Ruido de fondo

Bolonia: un cuento chino

Si estamos construyendo una Europa sin fronteras políticas o económicas, es razonable incluir en esa idea a la Universidad y reformar las legislaciones nacionales para crear un Espacio Europeo de Estudios Superiores. Una Universidad común. Este es el espíritu que alienta el llamado Plan Bolonia. Nadie, ni siquiera los estudiantes catalanes —los únicos que no parecen estar narcotizados—, se opone a este principio. Las divergencias no vienen de aquí, por más que la ministra y algunos profesores se pregunten paternalistas cómo es posible resistirse a una idea tan hermosa, que además facilita la movilidad entre universidades.
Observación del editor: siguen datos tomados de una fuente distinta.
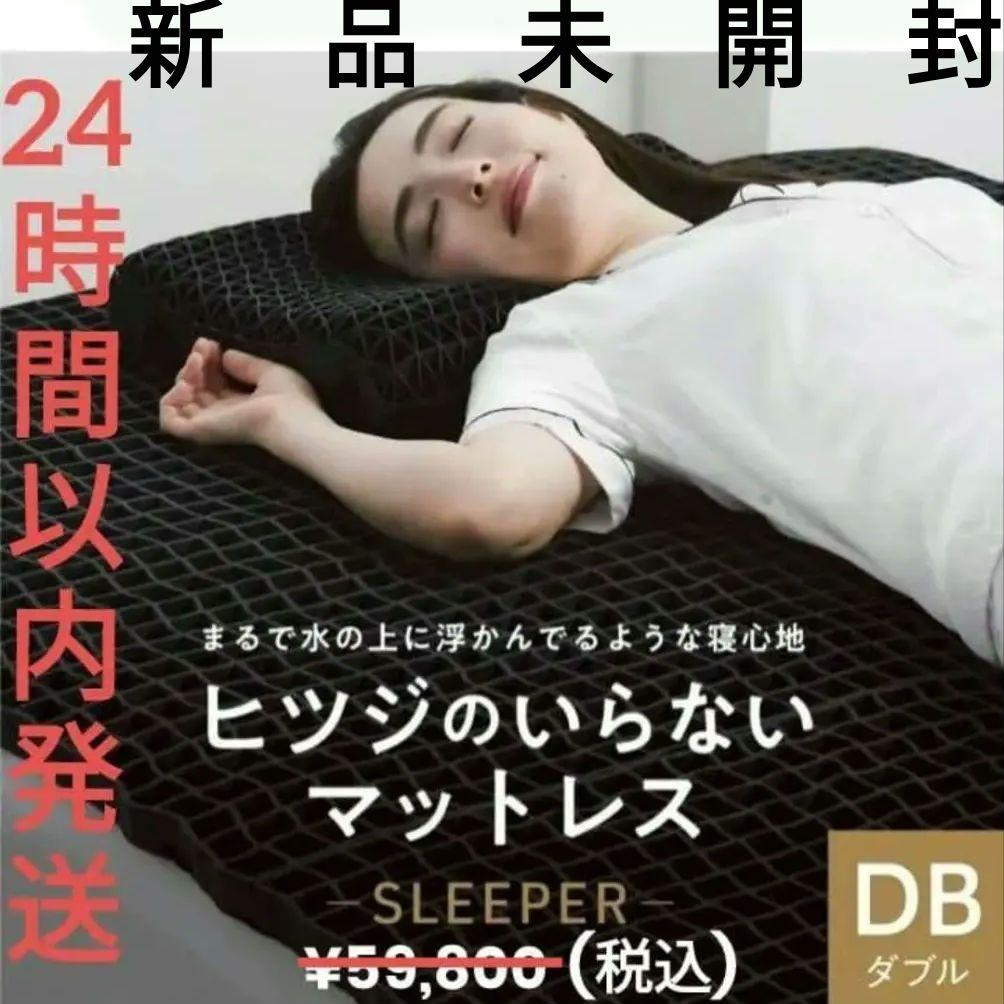 新品未開封　ヒツジのいらないマットレス SLEEPER　ダブル　１年間品質保証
Pero los estudiantes no están en contra de la teoría. Además, ya se pueden mover con las becas Erasmus. Y el que tenga un padre con pasta siempre podrá cursar lo que quiera en el país que le dé la gana. El Plan Bolonia simplifica la burocracia, sí, pero no cambia eso ni facilita la movilidad del profesorado, de la que no se suele hablar, por cierto. Para un profesor de la Universidad de Sevilla seguirá siendo más fácil trasladarse a Columbia University que a la Pompeu Fabra. Las divergencias con Bolonia no se producen en los principios, sino en la aplicación práctica de esas ideas tan hermosas: Bolonia hace de la Universidad europea un lugar que favorece los saberes rentables y útiles para el mercado. El conocimiento mal llamado inútil, todo aquello que no sirve para encontrar empleo inmediato, aquellas disciplinas que no resultan atractivas a la empresa privada, las humanidades que no han logrado disfrazarse de ciencias experimentales, son marginadas en esta nueva universidad a la espera de su extinción definitiva.